::: MATERIAL PROVIDED :::

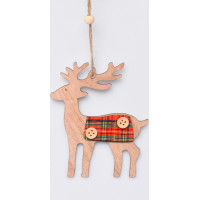 Vianočné drevený ozdoby na stromček - Jeleň - 6 kusov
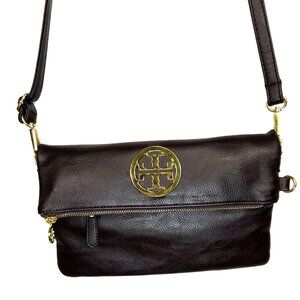 Tory Burch Foldover Convertible Leather Crossbody Bag In Dark Brown Leather and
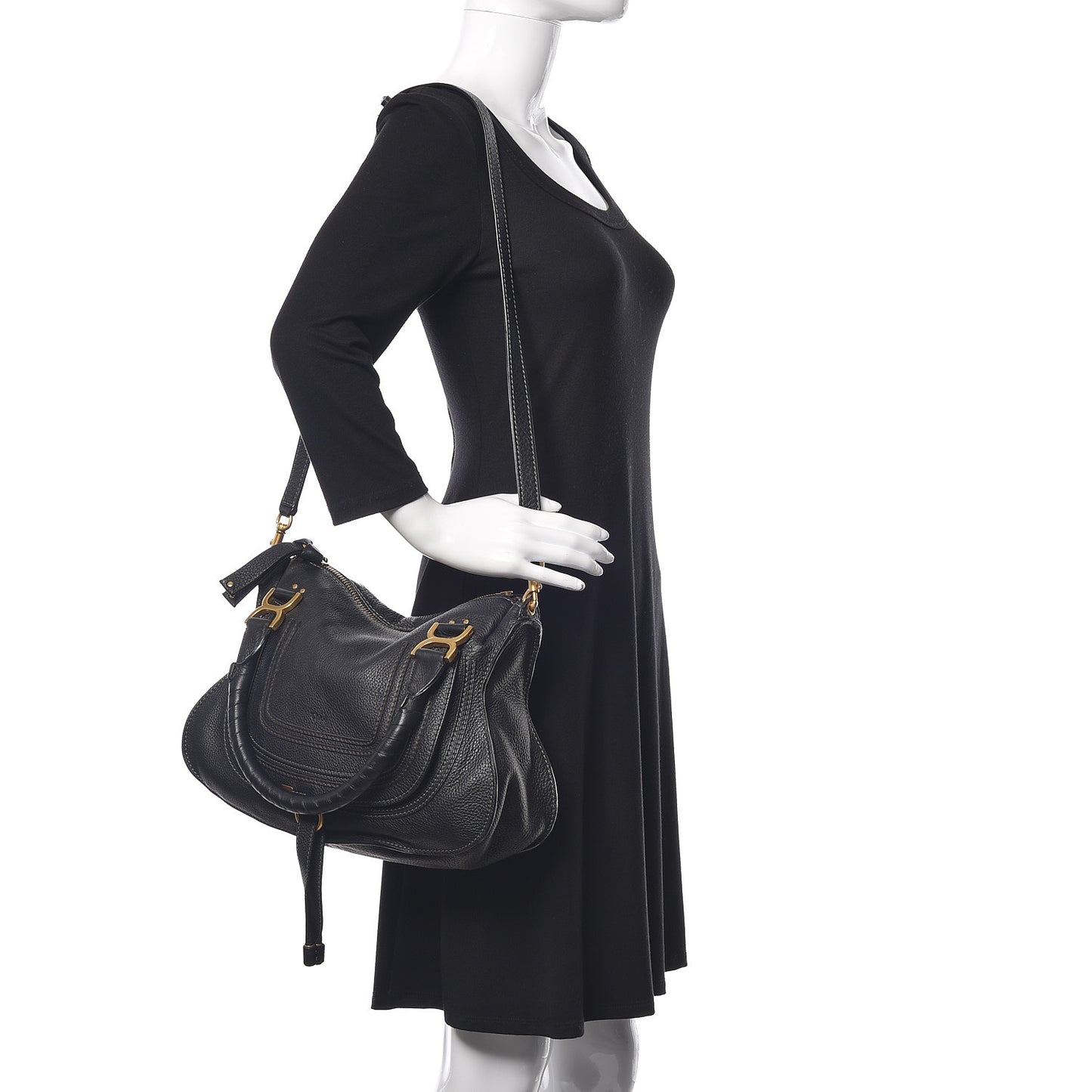 Calfskin Medium Marcie Satchel Black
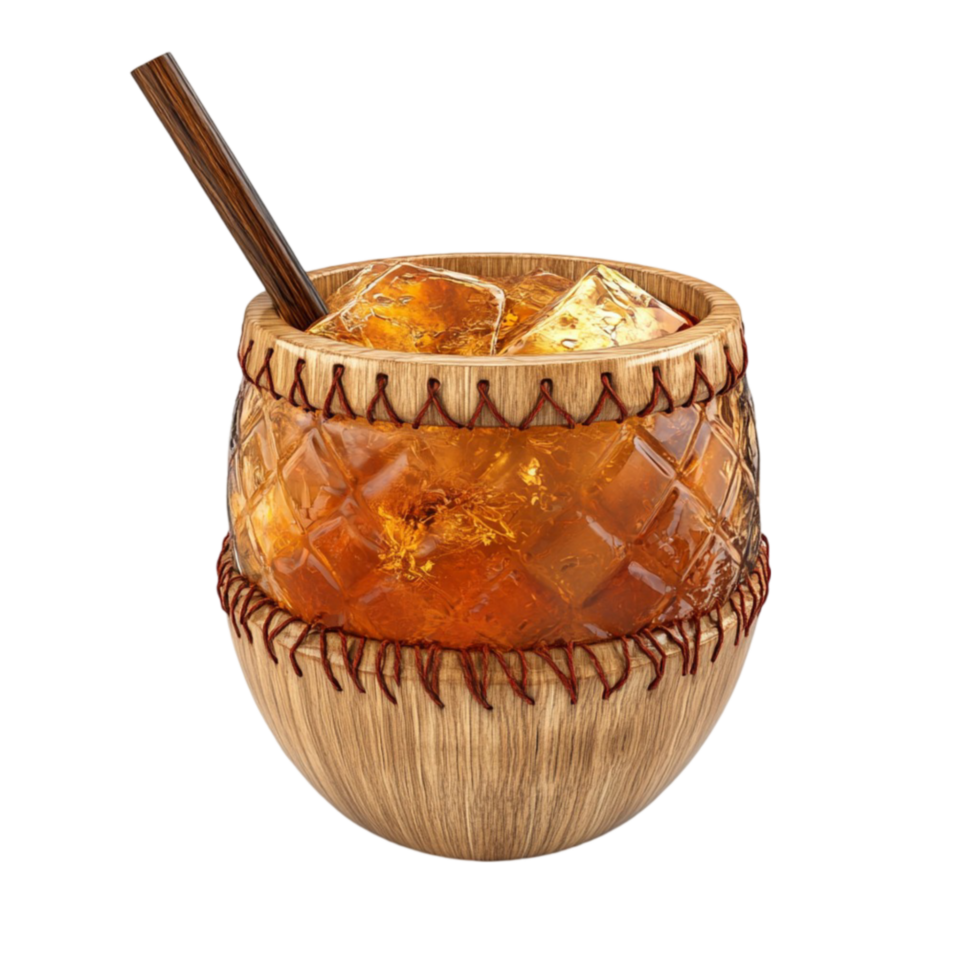 Wooden Bowl with Drink and Straw png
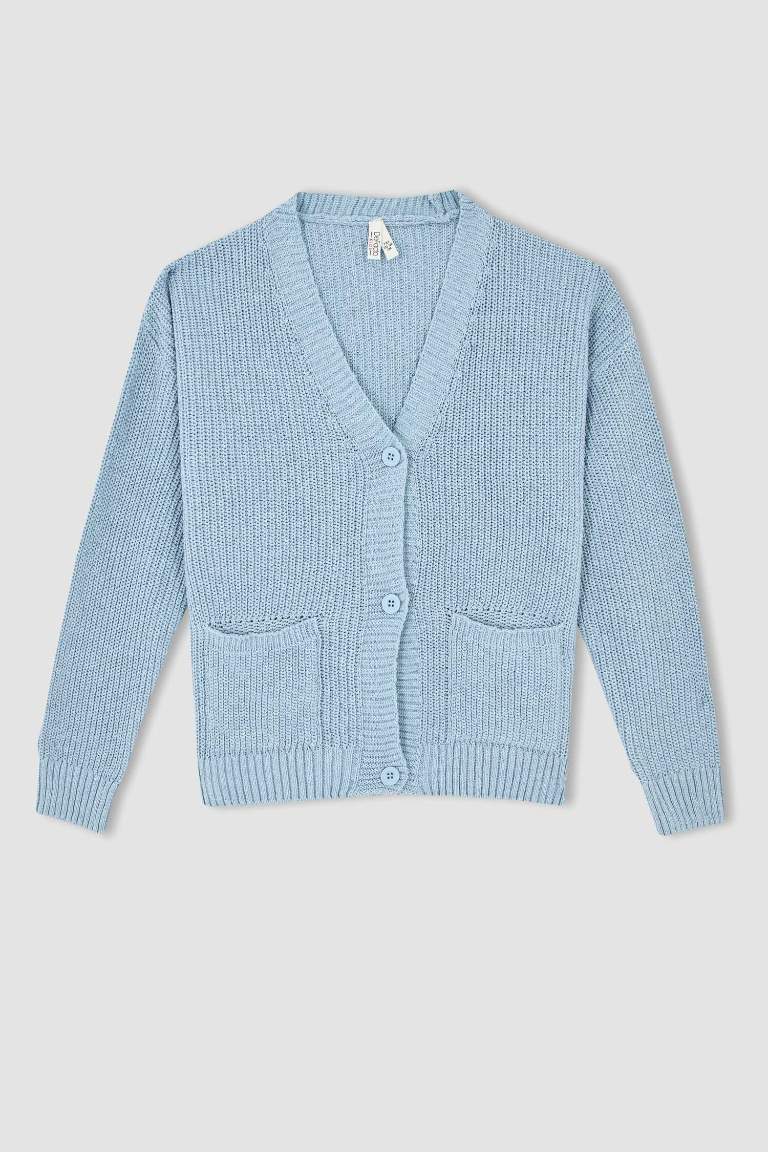 Kız Çocuk Regular Fit V Yaka Triko Hırka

:::

Leave the pictures aside and print exactly, and only, the lines from the one with "Wooden Bowl with Drink and Straw png" through the end of the data, both included.

 Wooden Bowl with Drink and Straw png
 Kız Çocuk Regular Fit V Yaka Triko Hırka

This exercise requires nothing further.